Vedi una band di nome Landskap che esce sotto l’egida della nostra Black Widow e subito pensi ad un gruppo prog scandinavo. Svedese, norvegese, poco importa, abbiamo preso un granchio. I Landskap son un gruppo di Londra, la Black Widow tuttavia non inganna. Per la precisione, si tratta, come anche il titolo III, lascia intuire, di un prog piuttosto ruvido, a forti tinte psichedeliche con qualche sferzata di blues, come insegnano certi Led Zeppeling.

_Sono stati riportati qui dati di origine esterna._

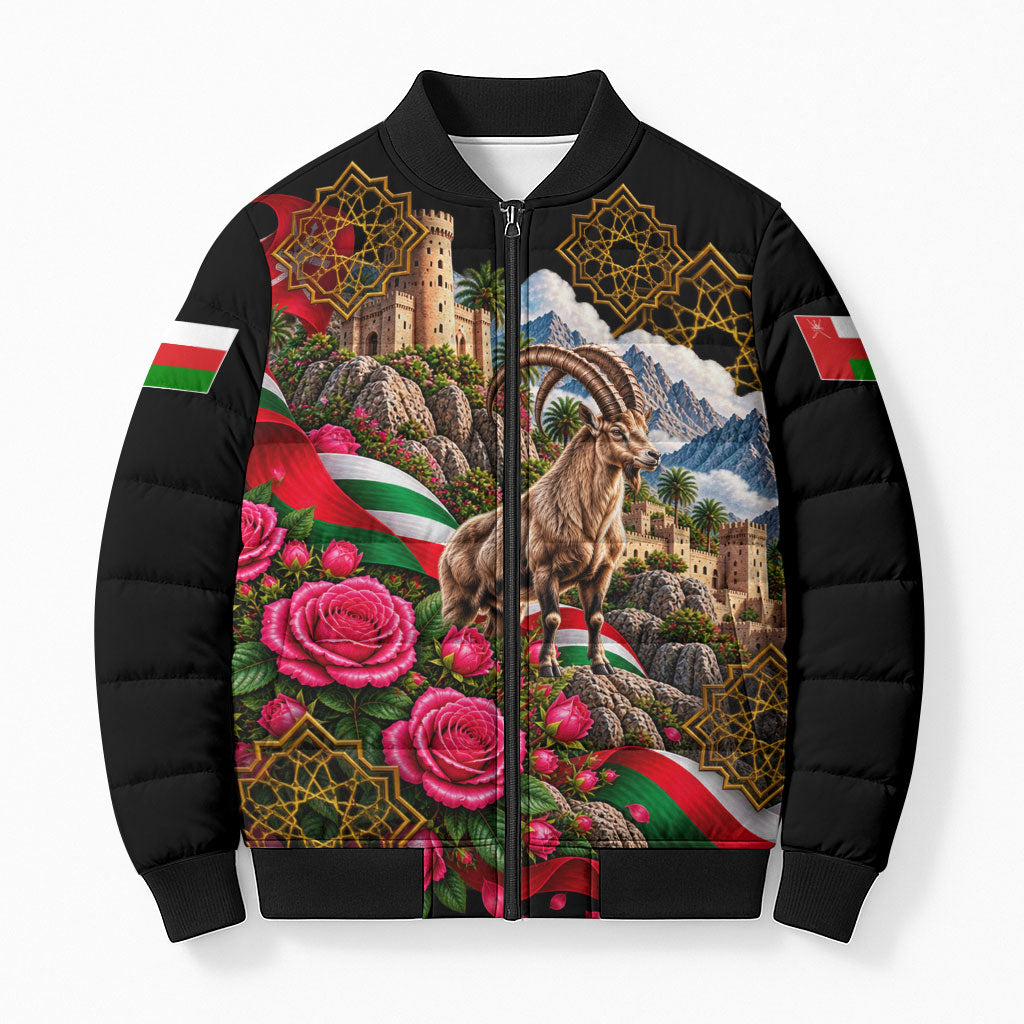 Oman National Days Ibex Bomber Puffer Jacket Pink Rose Geometric Heritage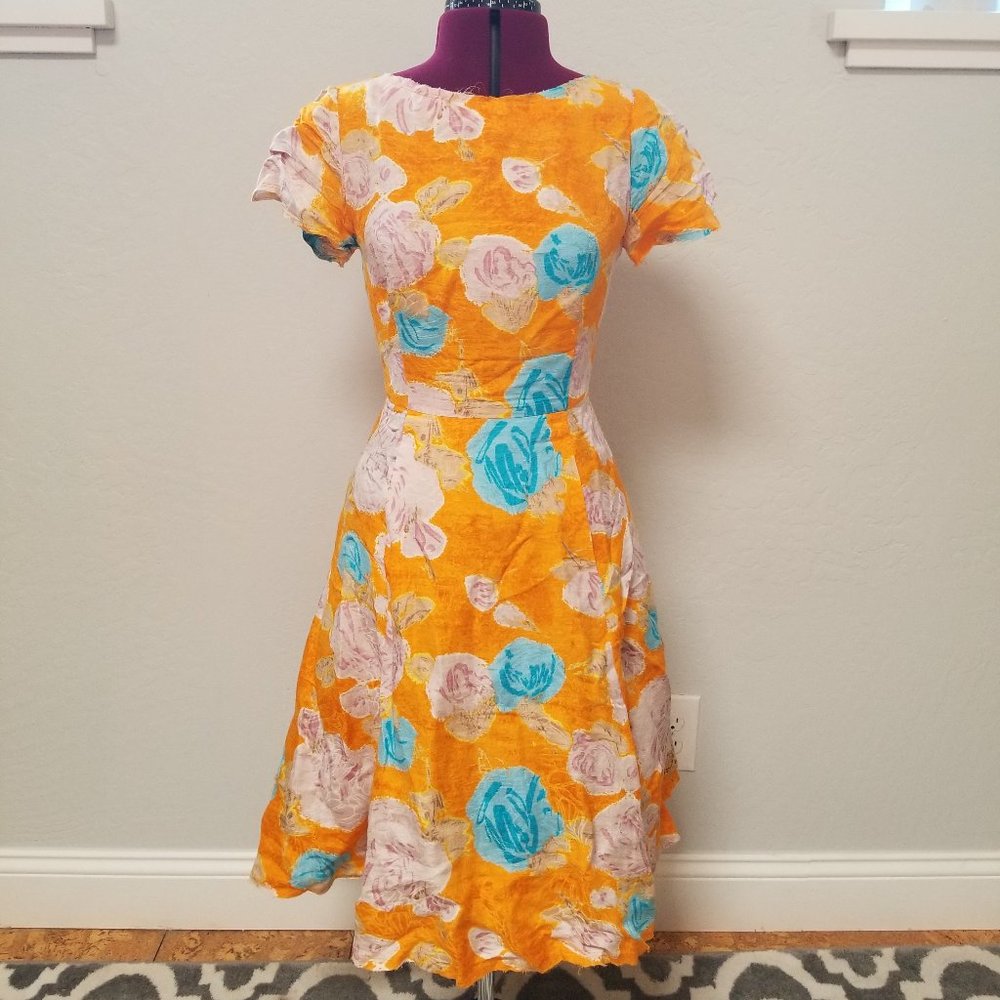 Tracy Reese Dress Orange with Flowers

Cinque tracce in tutto, cinque cavalcate all’indietro negli anni settanta, per quello che, senza mezzi termini, può essere definito regressive. Ma c’è regressive e regressive, c’è modo e modo di buttare languide occhiate nostalgiche al passato. I Landskap ricopiano gli stilemi di quella decade in modo assai pedissequo, lo fanno però con grande passione e grande cognizione di causa.

Non cedono nell’esercizio di stile mero a sé stesso, anzi, quello che ci troviamo davanti è un pugno di tracce vibranti, piene di carica e di groove. Oltre all’ottima sezione ritmica, che giostra abbastanza bene tra cambi di velocità non eclatanti, ma solidi e decisi, un grosso applauso va al titolare delle tastiere Kostas Panagiotou, estremamente abile a dare acidità a diversi passaggi dell’album grazie ad un ottimo uso di organi e mellotron.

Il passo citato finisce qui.